Statisticsfun. (2011). How to calculate margin of error and standard deviation. *You tube. *Retrieved from https://youtu.be/9g2MHYYKpNMLinks to an external site.

The margin of error gets larger with the confidence level because if we want to be more confident that the population mean we are looking for is in the interval, we need to make the interval as wide as possible.

I’m still a little confused about the relationship between the margin of error and the standard deviation, though, if there is one.

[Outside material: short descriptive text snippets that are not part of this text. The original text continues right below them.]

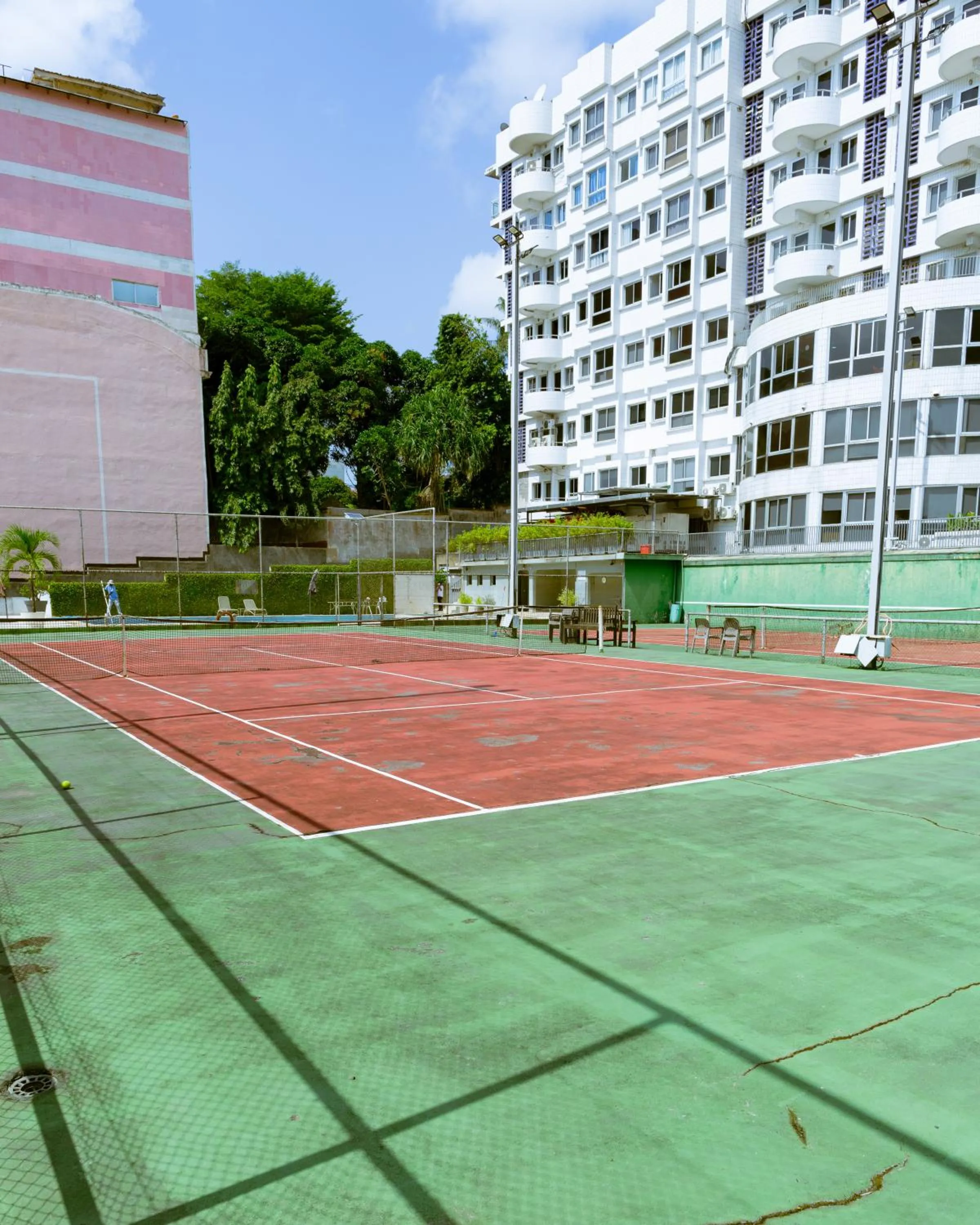 Day in Résidences Les Hauts de l'Indenié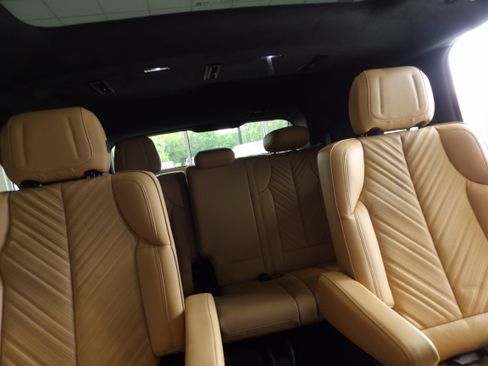 Used 2025 Cadillac Escalade IQ Luxury 2 AWD/4WD image 30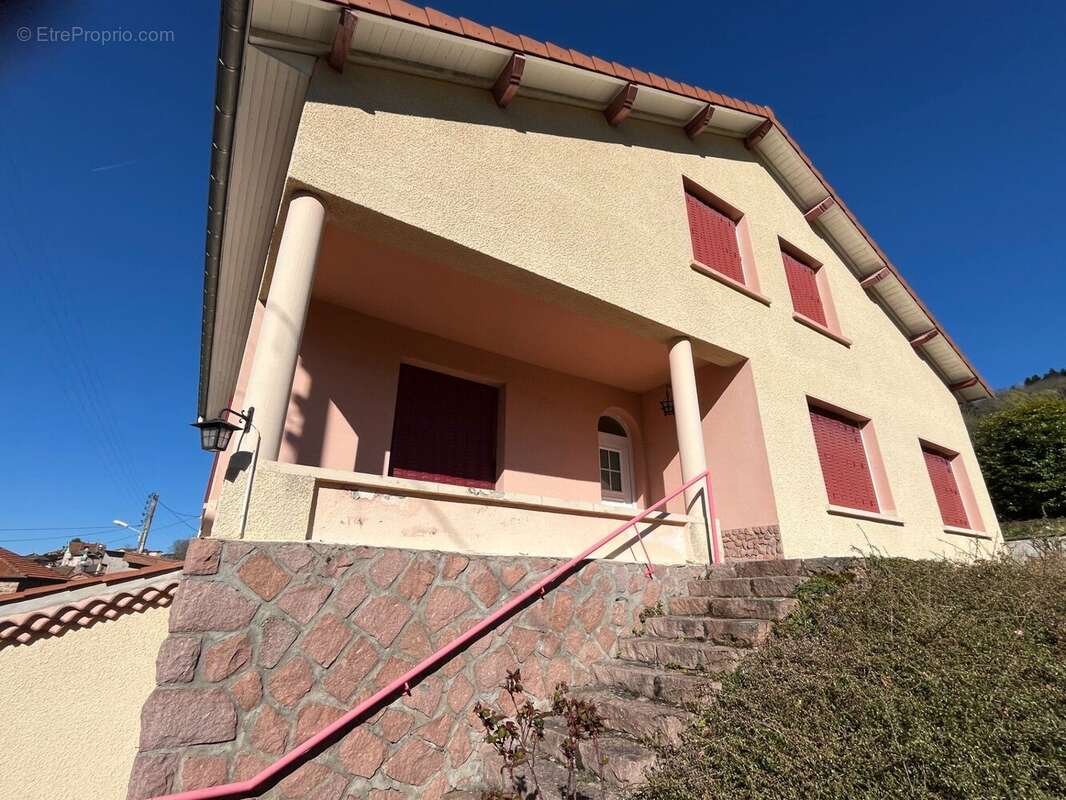 Maison à COURS-LA-VILLE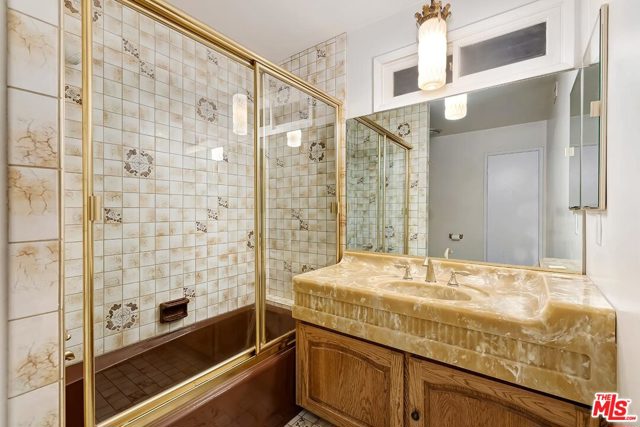 5 Bed Home for Sale in Encino, California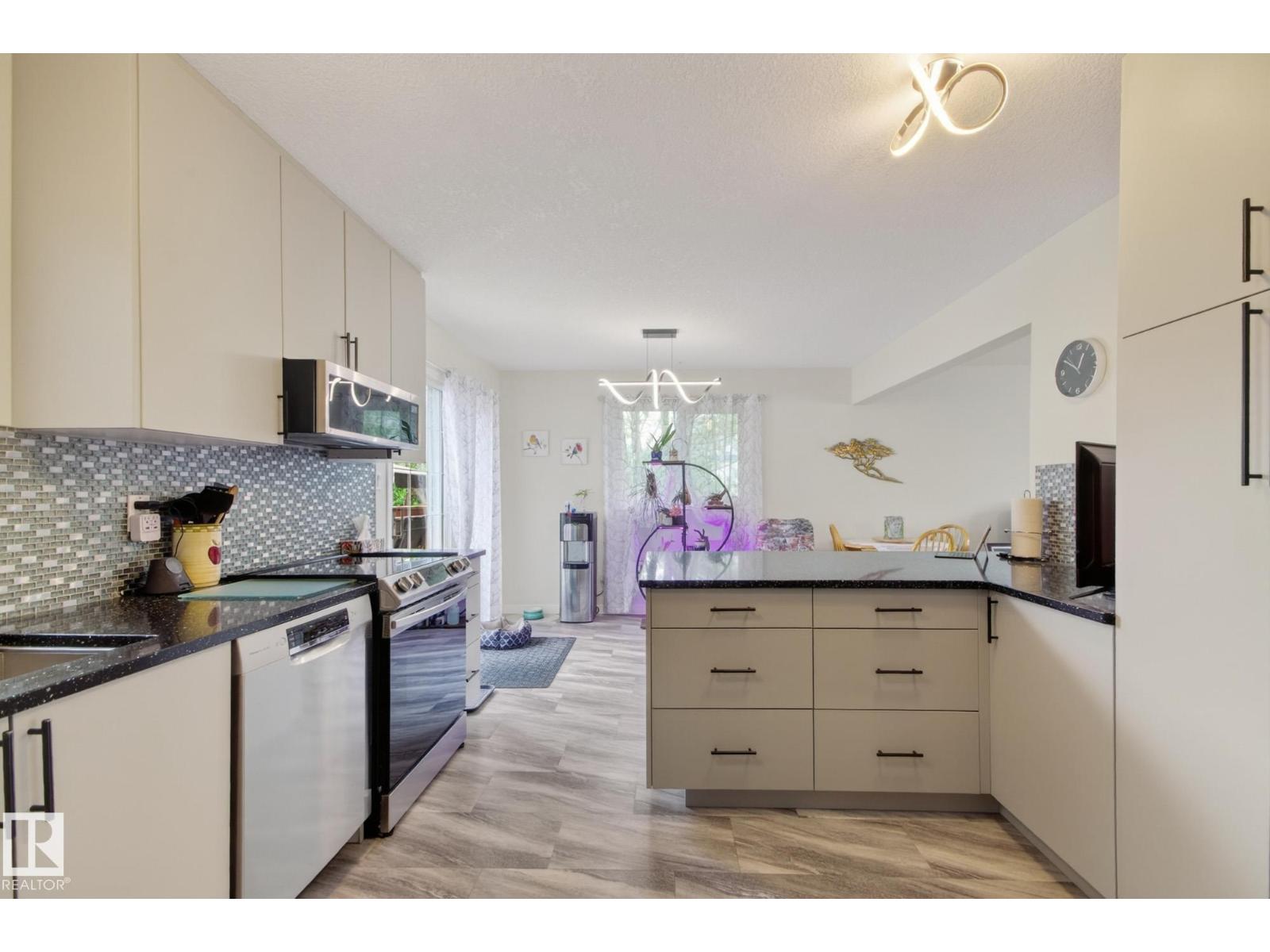 101 HILLSIDE PL - 18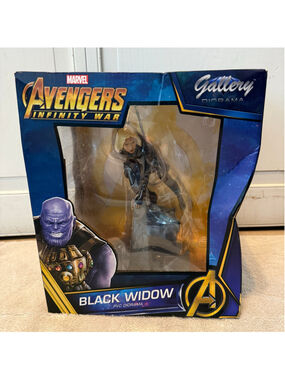 Marvel Avengers Infinity War Black Widow Gallery Diorama 9in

This gets me too. What I have read is they seem to be the same, but what I took from everything I looked up, and that was multiple sights, is that the standard deviation and the margin of error work together? Not sure if that is right, but it is what I took from my research of the two. Per Glen (2020). “The margin of error is the range of values below and above the sample statistic in a confidence interval. The confidence interval is a way to show what the uncertainty is with a certain statistic (i.e. from a poll or survey). With Standard Deviation, you must know the population parameters to calculate it. The margin of error can be calculated in two ways, depending on whether you have parameters from a population or statistics from a sample: Margin of error = Critical value x Standard deviation* for* the population. Margin of error = Critical value x Standard error of the sample” (p. 1).

### Reference:

Glen, S. (2020). “Margin of Error: Definition, How to Calculate in Easy Steps” From StatisticsHowTo.com.Links to an external site.* Elementary Statistics for the rest of us!* https://www.statisticshowto.com/probability-and-statistics/hypothesis-testing/margin-of-error/Links to an external site.

This Week 6 our confidence intervals are

( point estimate – margin of error , point estimate + margin of error )

which by the way means that the entire width / length of the confidence interval is two times the margin of error.

Also the midpoint of the confidence interval is the point estimate here in Week 6 .

Meaning that if we add the confidence interval endpoints together and divide by two, we get the point estimate back.

The point estimate for the confidence interval in the mean context is the sample mean xbar

The point estimate for the confidence interval in the proportion context is the sample proportion phat

It is important to note that within Knewton sometimes they use the symbol p’ for the sample proportion rather than the symbol phat

The formula for the margin of error contains several elements / pieces / ingredients that don’t change no matter what confidence level is used to calculate the confidence interval ( to calculate the confidence interval endpoints ) .

The only piece / element / ingredient in the formula for the margin of error that changes with different confidence levels is the critical value.

In some cases this Week 6 we are talking about a critical z value here and in some cases this Week 6 we are talking about a critical t value here.

But focusing on the cases where we use a critical z value during this Week 6 , the critical z value changes from 1.645 to 1.96 to 2.575 as the confidence level goes from 90% to 95% to 99%

So in calculating the margin of error for the confidence interval for each of these confidence levels, we multiply some fixed quantity times an ever increasing number ( ever increasing critical z value ) as the confidence level goes higher and higher.

That is why “all other things being equal,” the margin of error increases with increasing confidence level.

**All this stuff mentioned here recently would be a really good answer to one of the important questions near the end of the Week 7 lab assignment next Week 7 !!**

Thanks Barb and Elaine and Everyone have a Terrific day and a Fantastic Week 6 !!